Afrooz joue au football dans l'équipe féminine d'Iran. Au moment d'embarquer pour la finale en Malaisie, elle apprend que son mari lui interdit de sortir du territoire. Le cinéma iranien continue d'être actif malgré la pression que subissent nombre de réalisateurs localement. A ce titre, Soheil Beiraghi, livre un film qui lui vaudra sans doute l'ire des autorités de son pays. Le sujet traite effectivement du problème fondamental de la liberté des Iraniennes. Ici, le metteur en scène a choisi de développer un fait divers réel qui a touché le monde du sport. 

 

photo La permissionBaran Kosari

 

L’héroïne du film (superbement interprétée par Baran Kosari) est la capitaine de l'équipe de football. Elle se retrouve à devoir négocier avec son mari avec qui elle ne vit plus depuis longtemps, ce dernier ayant choisi vicieusement de l'empêcher de vivre son rêve en l'interdisant de voyager à l'étranger. On découvre alors la face cachée d'un Iran où les hommes ont tous les pouvoirs sur les femmes et sa justice directe, injuste au possible, qui les défend.

Son mari est un présentateur télé dans ce qu'il y a de plus lisse en apparence et donc de plus dangereux. Responsable d'une émission de talk, il se révèle être absolument retord dans sa vie privée. Manipulateur, machiste, assoiffé de pouvoir et martelé par une rancune affective, il ne peut s'imaginer laisser sa femme vivre ses désirs. D'une certaine manière, il s'agit là du message envoyé par le réalisateur : derrière des signaux de modernité et d'ouverture, le conservatisme est toujours présent dans une société qui agit dans l'ombre.

 

photo la permissionNégocier avec son mari, même pour faire ce que l'on a envie

 

RISQUES ET PÉRILS

Ce qui est particulièrement intéressant dans ce deuxième long métrage, c'est la finesse avec laquelle l'histoire est traitée. Nombre de petits détails font un écho régulier avec les réflexes quotidiens d'une société qui peine à changer. Tout est surveillé, des tatouages à l'accoutrement général, en passant par un dépeçage de la vie privée qui pourrait pourtant exister à travers les messageries des réseaux sociaux.

 

photo La Permission

 

Même au sein des groupes de femmes, il n'y a pas beaucoup d'entraide : les religieuses, gardiennes des comportements féminins, dictent et conseillent, jusqu'à la menace. C'est tout le propos d'un film courageux. Il n'y a en réalité guère d'espace de liberté pour les femmes alors que paradoxalement l'Iran brandit de plus en plus son envie d'évolution, notamment sur cette question. 

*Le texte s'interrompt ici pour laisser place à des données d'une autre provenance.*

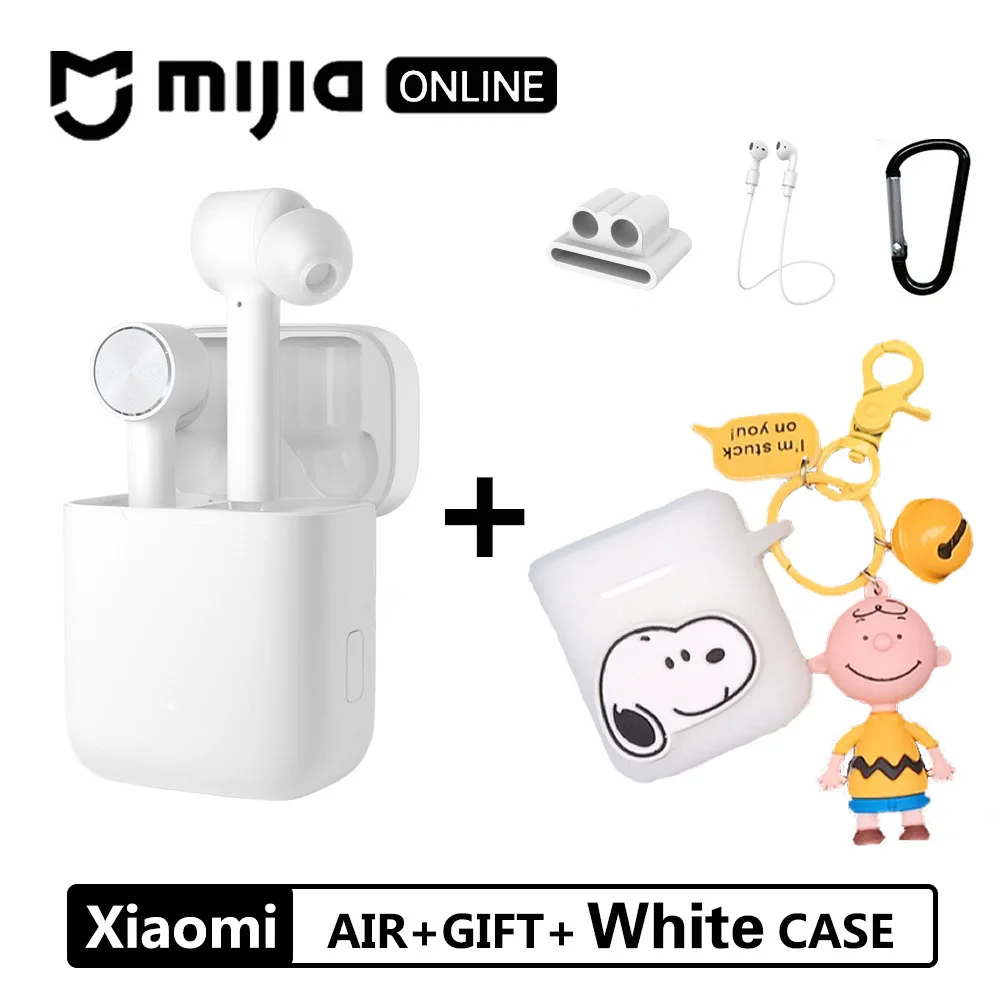 air with gift Xiaomi Airdots Pro Bluetooth наушники Air TWS гарнитура истинный беспроводной стерео смарт сенсорный ANC автоматическая пауза кран управление спортивные наушники - Цвет: air with gift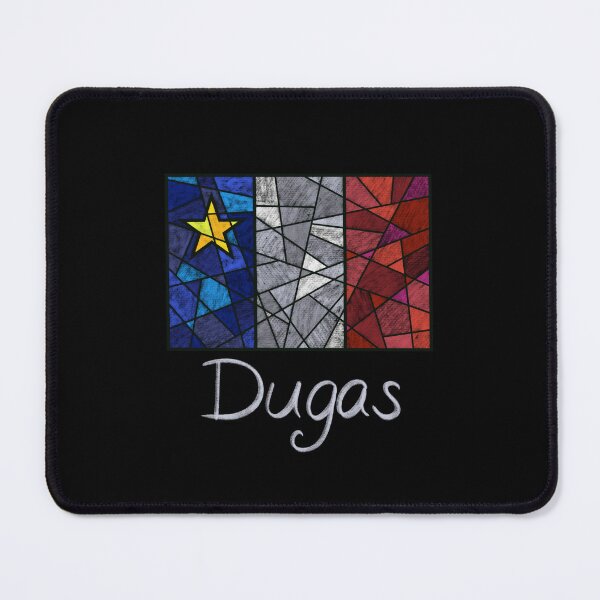Item preview, Acadian Flag pastel mosaic Dugas - Drapeau acadien mosaïque pastel vitrail Dugas designed and sold by ColoursOfFrance.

En purs termes de cinéma, on sent que La Permission n'a pas été simple à tourner. Autant les scènes d'intérieurs sont absolument bien découpées et maîtrisées, autant les scènes de rues, de foules et en public, subissent la comparaison. Elles ont toutefois été rendues possibles grâce à une urgence de filmage. C'est un film clandestin. Il en reste une oeuvre riche, pressée et urgente avec des séquences impressionnantes à bien des égards. L’implication des comédiennes y est totale et on en sort bluffé.

 

photo

Résumé

En conclusion, un film qui rappelle que le cinéma n'est pas qu'un espace de détente. Il s'agît aussi d'une vocation à la fois profonde et philosophique. Au fond, ce genre de film veut toucher la réflexion et vise au changement.